+++ Source material +++

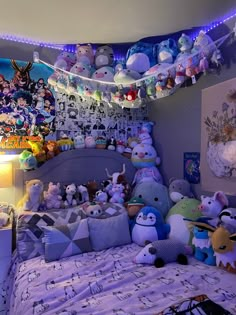 a bed with lots of stuffed animals on top of it in a room filled with toys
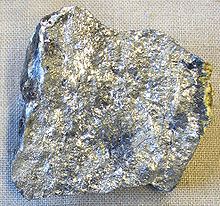 Um pedaço irregular de pedra prateado com manchas de variação de brilho e sombra.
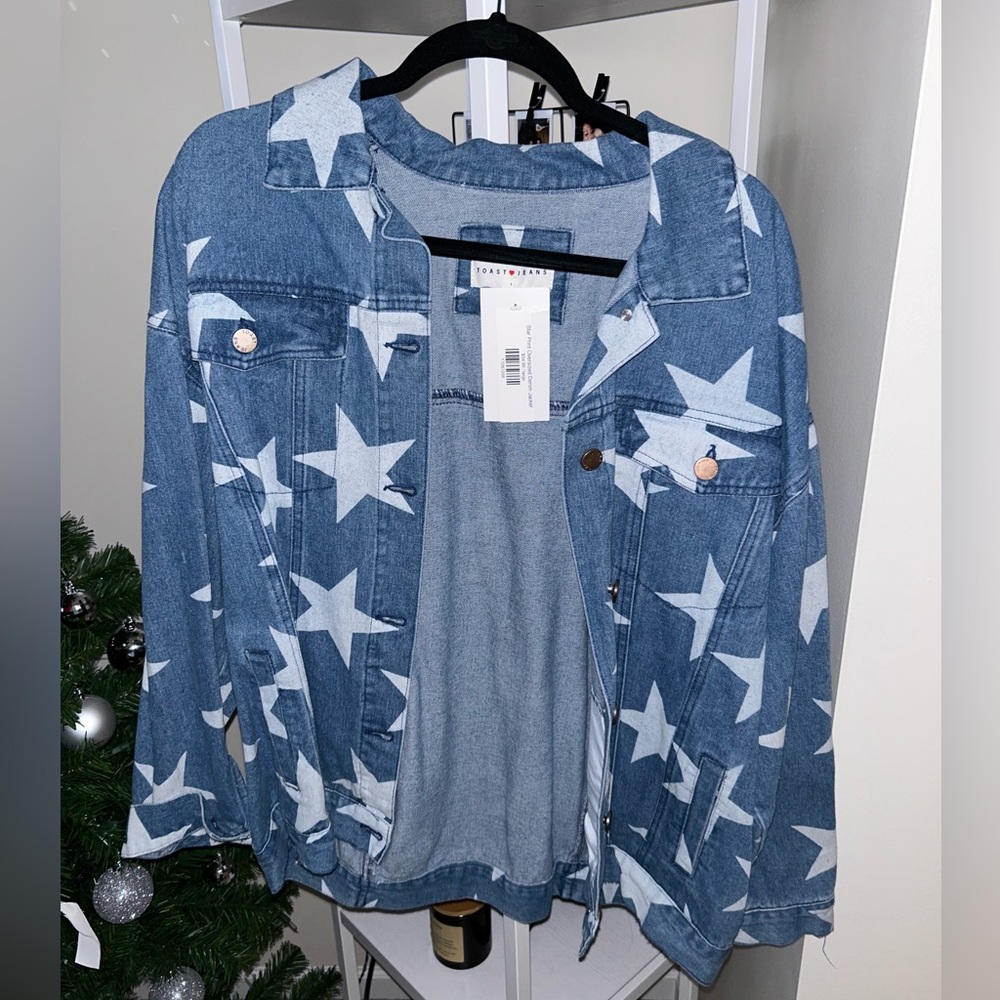 Star print jean jacket, never worn, size L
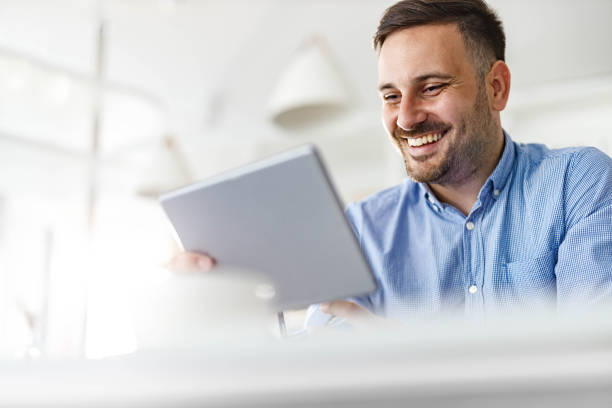 istock Happy man having a video call over touchpad at home office. 2185687819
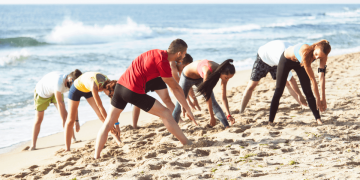 Workout on the beach with instructor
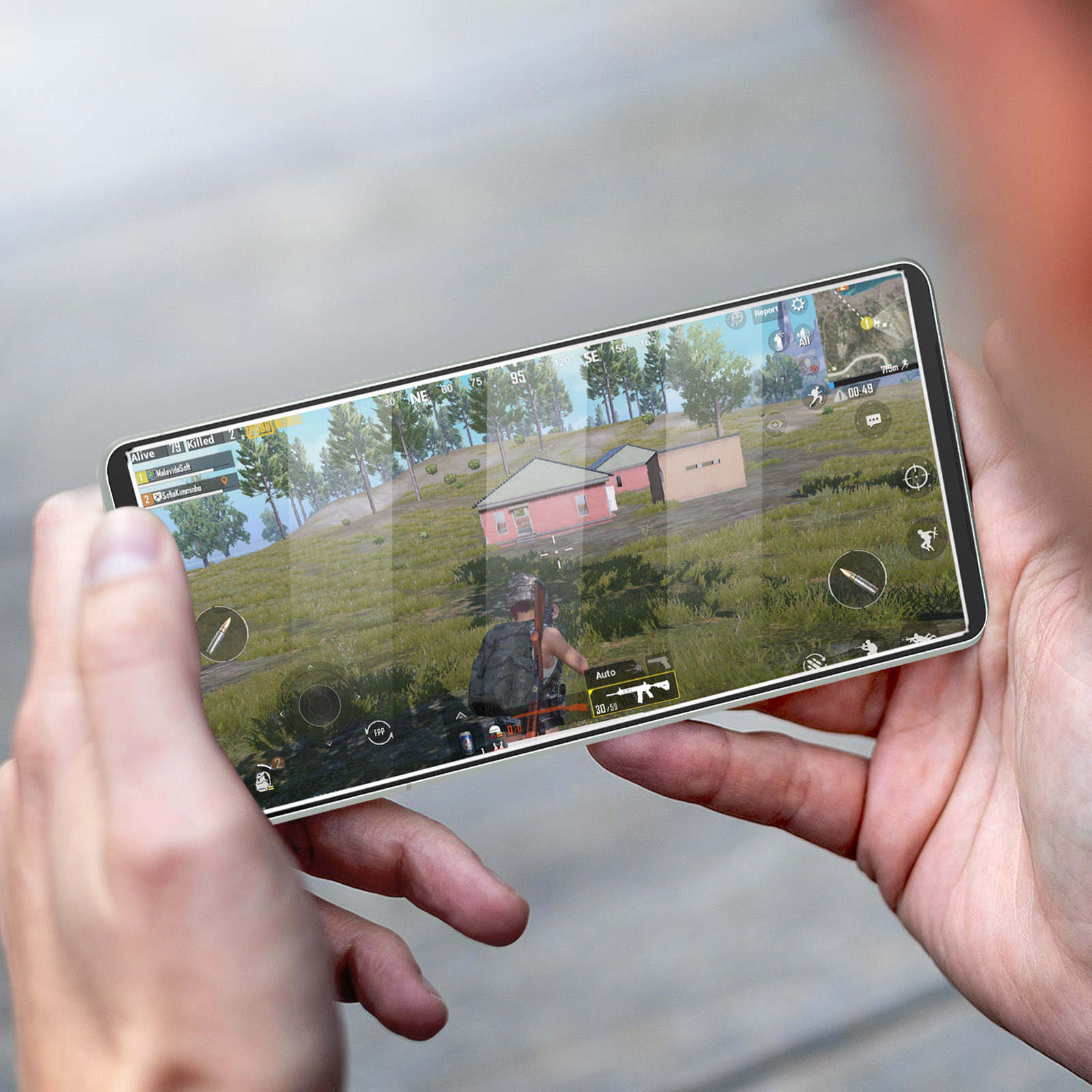 Mani che tengono un telefono che mostra un gioco. Il gioco ha una visuale orizzontale.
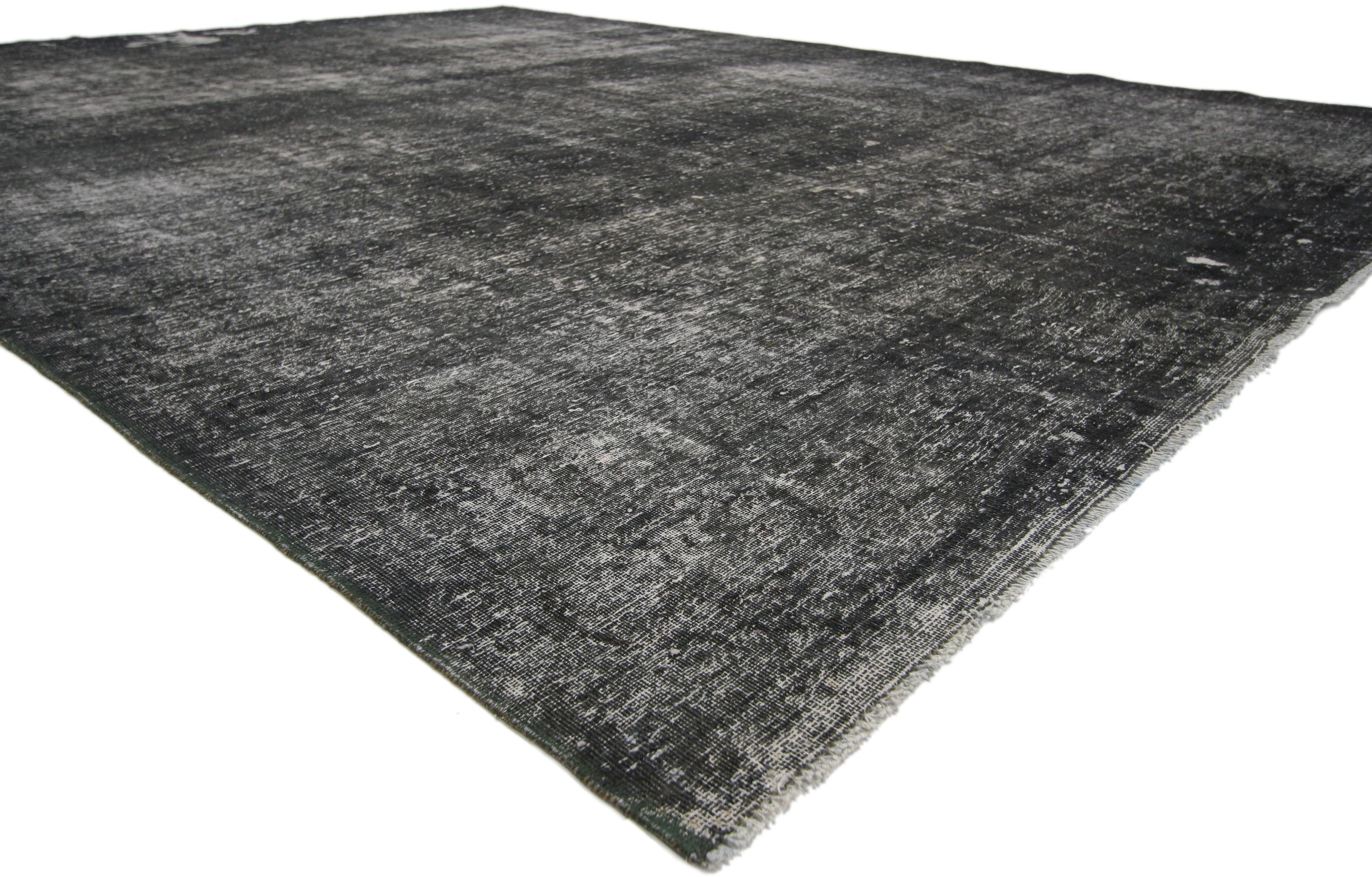 60671 Distressed Vintage Turkish Overdyed Rug with Modern Industrial Urban Luxe Style 10'00 x 13'02. Modern industrial style and Urban Luxe vibes collide in this hand knotted wool distressed vintage Turkish rug. It features a barely there botanical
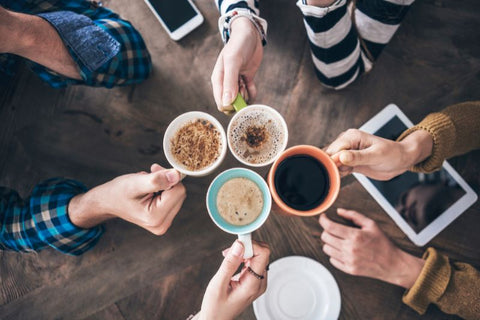 four people cheersing with cups of coffee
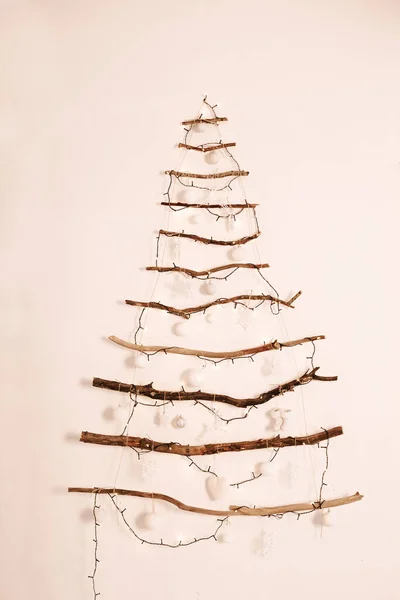 Alternatif ahşap ağaç süslemeli Noel ağacı duvarda asılı duruyor..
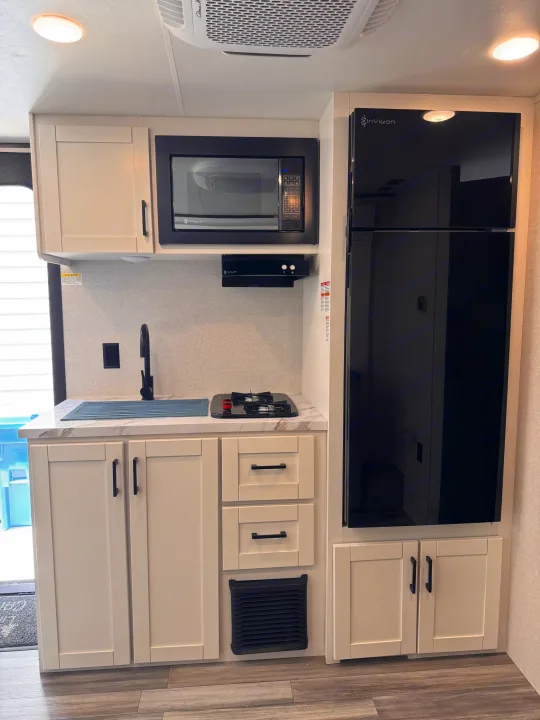 Modern RV rental kitchen with white cabinets, black appliances (microwave, fridge, stove), sink, and wood-look floor.. Jayco Jay Flight 2026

+++

_What is required:_ From the first line to the last, output the data exactly, without the pictures.

_Exercise response:_
 a bed with lots of stuffed animals on top of it in a room filled with toys
 Um pedaço irregular de pedra prateado com manchas de variação de brilho e sombra.
 Star print jean jacket, never worn, size L
 istock Happy man having a video call over touchpad at home office. 2185687819
 Workout on the beach with instructor
 Mani che tengono un telefono che mostra un gioco. Il gioco ha una visuale orizzontale.
 60671 Distressed Vintage Turkish Overdyed Rug with Modern Industrial Urban Luxe Style 10'00 x 13'02. Modern industrial style and Urban Luxe vibes collide in this hand knotted wool distressed vintage Turkish rug. It features a barely there botanical
 four people cheersing with cups of coffee
 Alternatif ahşap ağaç süslemeli Noel ağacı duvarda asılı duruyor..
 Modern RV rental kitchen with white cabinets, black appliances (microwave, fridge, stove), sink, and wood-look floor.. Jayco Jay Flight 2026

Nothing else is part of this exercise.